By the time the next issue of MRW “hits the streets” in late June, we will know the colour of the Government and almost certainly the senior ministers who will be responsible for our industry. Although some politicians will stay put, the likelihood is that there will yet again be new faces.
The ministerial merry-go-round always puts the resources industry back to square one in terms of getting its message across. As this happens at every reshuffle, maybe a change of tack is needed in terms of how the industry presents itself to Government.
There are a number of excellent organisations representing sub-sector interests – the Environmental Services Association (ESA), Chartered Institution of Wastes Management (CIWM) and the Local Authority Recycling Advisory Committee are just three (and apologies to those not listed).
We lack a forum where each sub-sector comes together and speaks truth to power with one voice
Resource & Waste UK (the relatively new partnership between the ESA and CIWM) is a step in the right direction but has yet to make much of a mark – even though it is ably led by the charismatic Steve Lee.
I’ve written elsewhere of the depressingly low number of meetings between sector representatives and Defra ministers in the last Government. Precisely one in the six months after the post-Brexit vote re-shuffle, it appears.
We lack a forum where each sub-sector comes together and speaks truth to power with one voice, with support from businesses and other partners that back resource efficiency. The Green Alliance and the Aldersgate Group have that over-arching reach but their brief is a wider environmental one.

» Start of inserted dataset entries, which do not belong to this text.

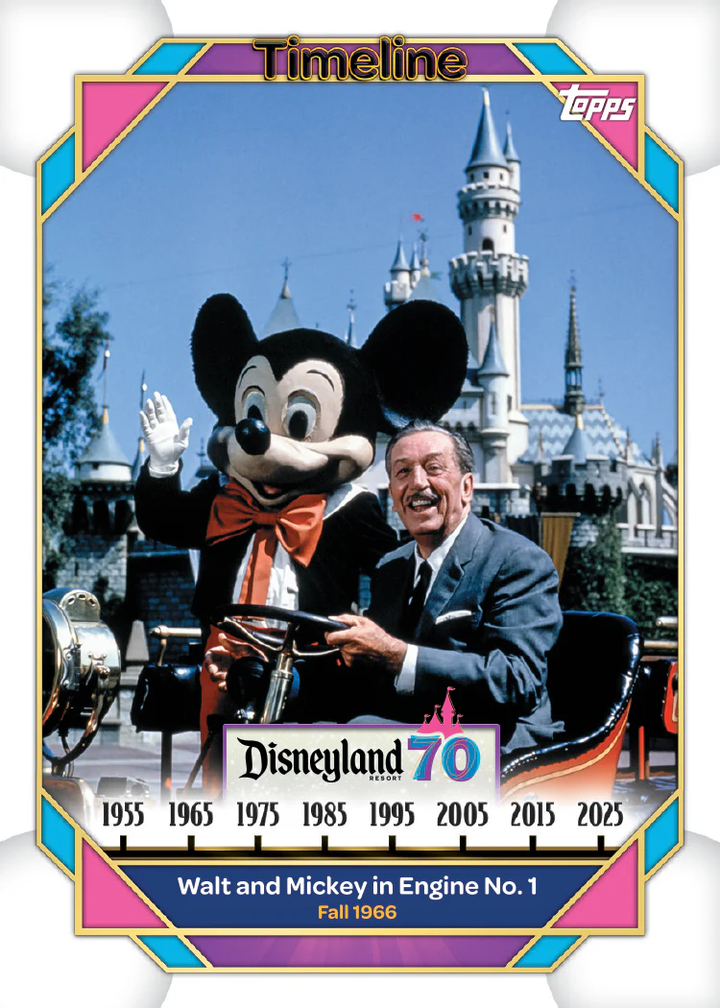 2025 Topps Disney - Disneyland Anniversary Value Box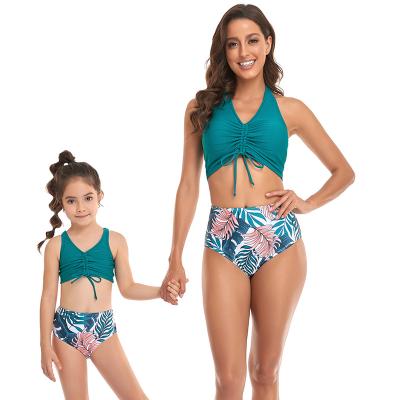 China QUICK DRY Babies Kids 2 Pieces Kids Bikini Beach Swimwear Children Bikini Girls Swimwear for sale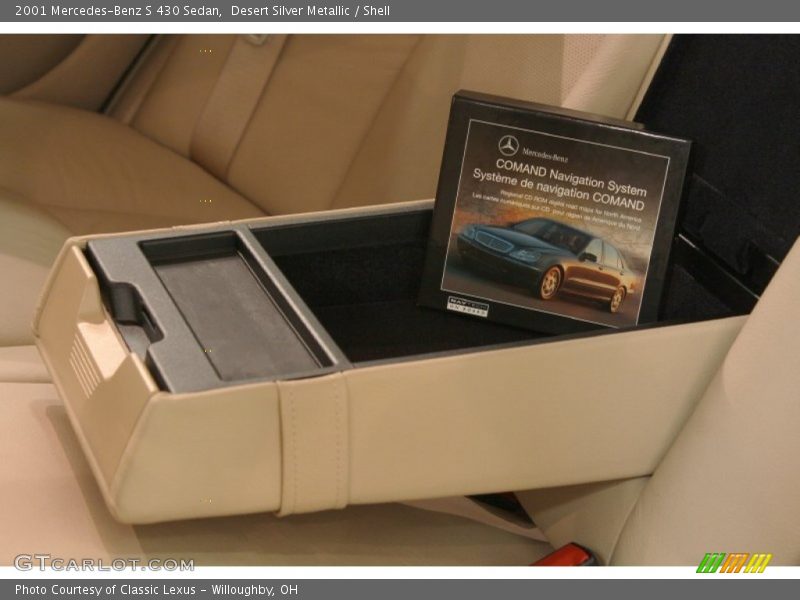Desert Silver Metallic / Shell 2001 Mercedes-Benz S 430 Sedan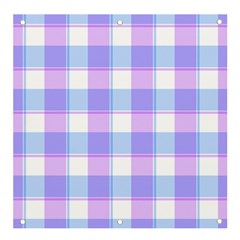 Cotton Candy Plaids - Blue, Pink, White Banner And Sign 4  X 4 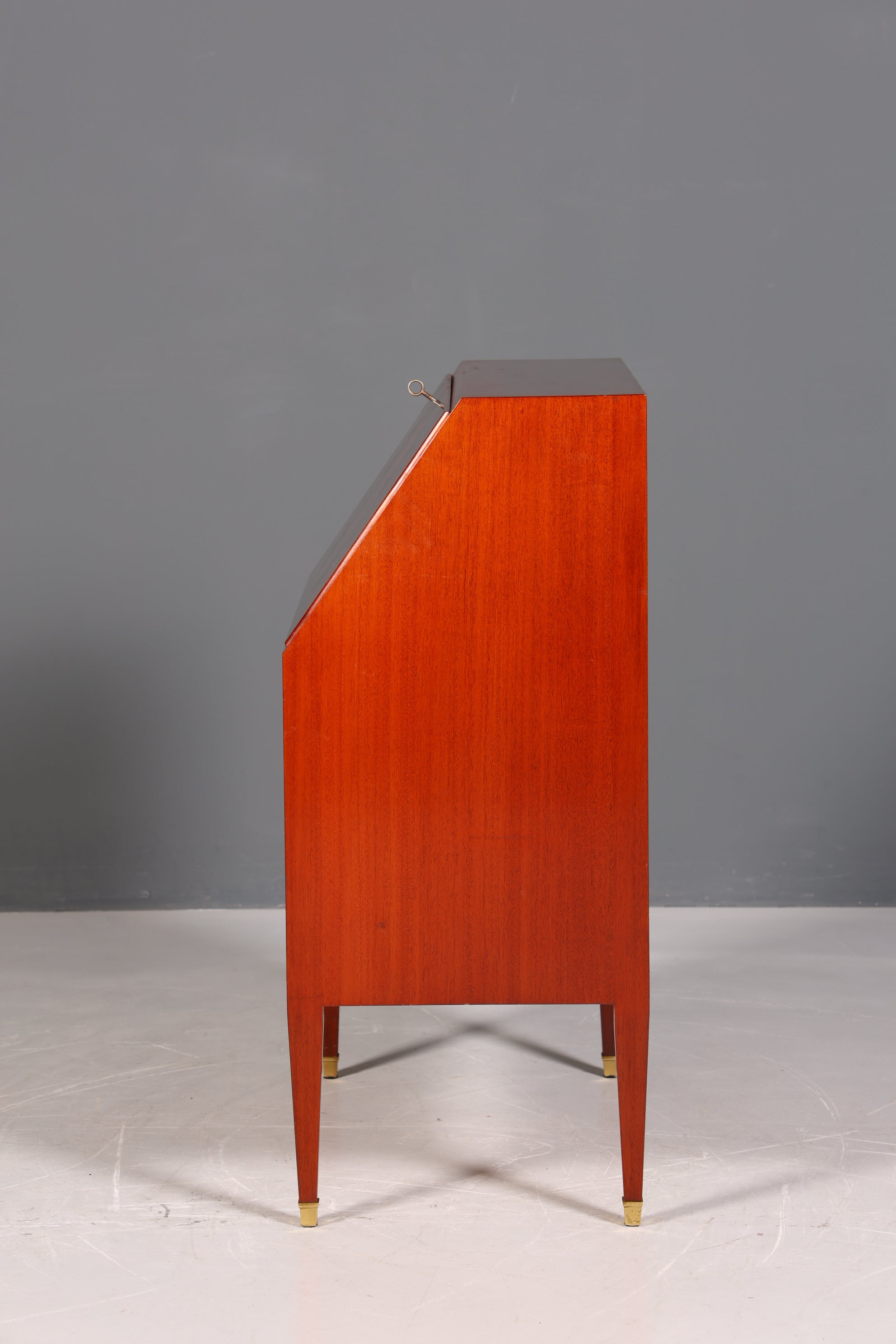 Stylish secretary desk in Louis XVI style, office chest of drawers, Empire English writing desk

It is a challenge faced by the RWM Ambassadors. It is an excellent panel of people from across the sector, assembled with the primary goal of ensuring that RWM remains the key industry event in our calendar and is as relevant as possible to those who attend or engage with the show in any capacity: exhibitor, visitor, speaker - or even journalist.
The challenge the group also faces is adopting shared positions on the key issues. A reprocessor, for example, may have markedly different views on an energy-recovery-versus-recycling debate than an RDF exporter. And there is a hurdle to overcome as few Ambassadors have carte blanche to speak directly on behalf of their company, organisation or authority.
Neither of these examples is quoted to devalue the collective worth of the Ambassadors. Good has, and is, being done. The report commissioned last year on data (or lack of it) was rigorous enough to attract the interest of Defra officials who are keen to build on the foundation in addressing a real problem for policy-makers.
Perhaps the group is a prototype for an industry-wide forum, boosted by big brands such as Marks & Spencer, Ikea or Coca-Cola to show that there is considerable industry buy-in. It would be a body with real clout for ministers assessing if it was something they should do business with.
The Metals Forum, where all sectors have come together “to articulate their compelling vision of the future for metals in the UK”, could well be a template.